Catatan dari dinas sosial, menyebutkan bahwa Sheila tinggal berdua dengan ayahnya di sebuah gubug berkamar 1 di perkampungan migran. Rumah itu tidak mempunyai sarana pemanas, pipa air dan listrik. Ibu Sheila telah meninggalkan Sheila 2 tahun sebelumnya tetapi membawa adik Sheila. Ayah Sheila menghabiskan hampir sepanjang masa kanak kanak gadis kecil itu di penjara atas tuduhan penganiayaan, kecanduan alkohol dan ketergantungan obat. Pengasuhan Sheila berpindah pindah di antara keluarga sebelum akhirnya ditemukan ditinggalkan di pinggir jalan. Saat ditemukan Sheila sedang berpegangan erat pada sebuah pagar pemisah jalur jalan tol. Saat itu Sheila baru berusia 4 tahun, ternyata punya banyak bekas luka dan patah tulang, semuanya akibat penganiayaan. Keterangan di akhir catatan Sheila tertulis: Ketidakmampuan Kronis Menyesuaikan Diri Dengan Masa Kanak Kanak. Kalau ada anak usia 6 tehun yang harus melewatkan masa kanak kanak nya dengan seperti itu dan dia mampu menyesuaikan diri, pasti ada kesalahan yang sangat gila. Saat itu saja Sheila sudah berhadapan dengan polisi 3 kali. Sebuah catatan kecil tertulis: Sheila tidak pernah menangis.

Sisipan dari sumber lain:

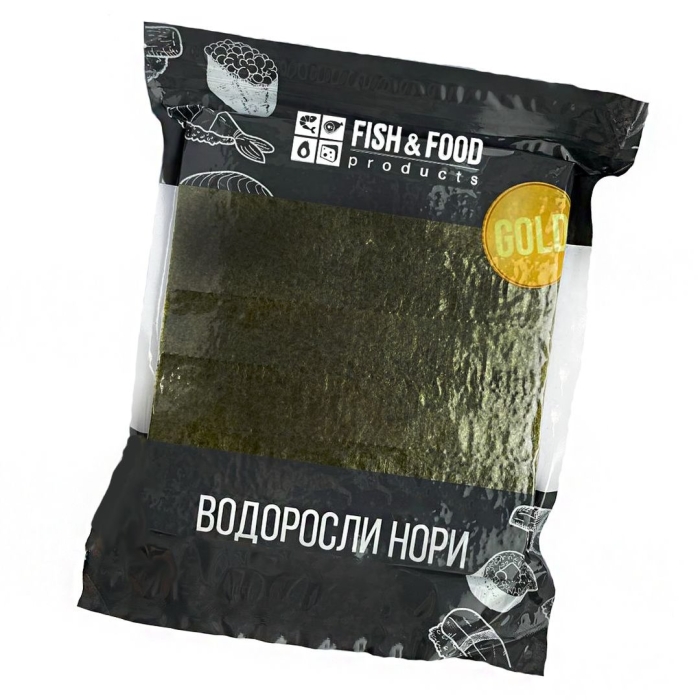 Водоросли морские нори для суши жареные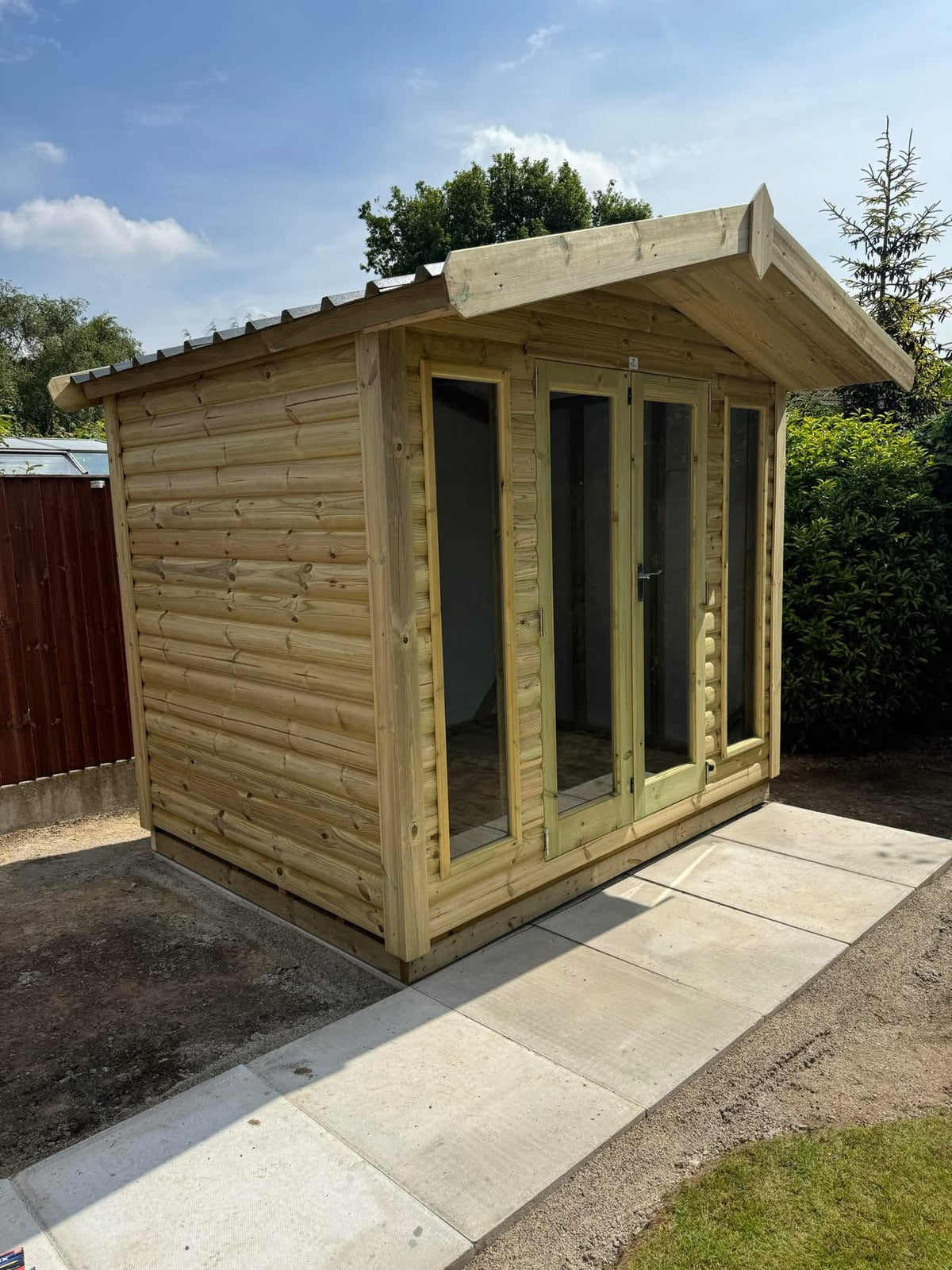 Loglap Cladding On Building Thirlmere Cottage - 20mm Tantalised Loglap Cladding – White Post Farm ...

Tidak akan mudah menyayangi Sheila. Perbuatan2 yang dilakukannya telah membuat Sheila menjadi anak yang tidak mudah untuk disayangi. Dan tidak mudah pula mengajarinya. Namun bukan tidak mungkin untuk menjangkaunya. Saat menatap mata Sheila yang penuh kebencian itu, torey melihat seorang gadis teramat kecil yang telah belajar bahwa hidup sesungguhnya tidak menyenangkan untuk siapapun, dan cara terbaik untuk menghindari penolakan lebih lanjut adalah dengan membuat dirinya sebisa mungkin mengesalkan semua orang sehingga tidak akan mengherankan jika dia tidak disayang.

Toreypun menuturkan tiap detil kejadian di ruang kelas yang mereka jalani hari demi harinya. Salah satu hal menarik adalah saat torey mengajarkan sopan santun pada anak2 istimewa ini, dia menggunakan metode Kotak Jin. Saat menenangkan anak yang sedang marah, metode yang dipakai: Kursi Pojok. Kelas diawali dengan nyanyi bersama dan ditutup dengan ngobrol, diskusi. Metode yang paling disukai Sheila adalah saat Torey menggunakan media buku cerita untuk membangun jembatan penghubung ke jiwa Sheila yang sangat kering. Buku ini terus menjadi pegangan Sheila sampai akhir tahun pelajaran.

Pada akhirnya, saat tahun ajaran akan berakhir. Torey juga harus menyiapkan anak2 didiknya untuk berpisah dengan nya dan bersiap bekerja sama dengan guru baru mereka. Akan selalu ada guru dan sekolah di tiap etape tahun kehidupan seseorang. Dan semua rangkaian ini menjadi satu bagian dari nyanyian kehidupan yang dijalani tiap manusia.

Membaca novel ini, memberikan saya lebih banyak ilham untuk mensyukuri apa yang sudah saya dapatkan sampai hari ini. Bahwa hidup saya tidak pernah sepahit hidup Sheila. Mengajari saya bahwa cinta sepenuh hati dapat meluluhkan hati yang sakit betapapun parahnya. Namun cinta saja tidak cukup dibutuhkan metode yang tepat, kesabaran luar biasa dan pengendalian diri yang kuat jika ingin berhasil mengalahkan tantangan hidup.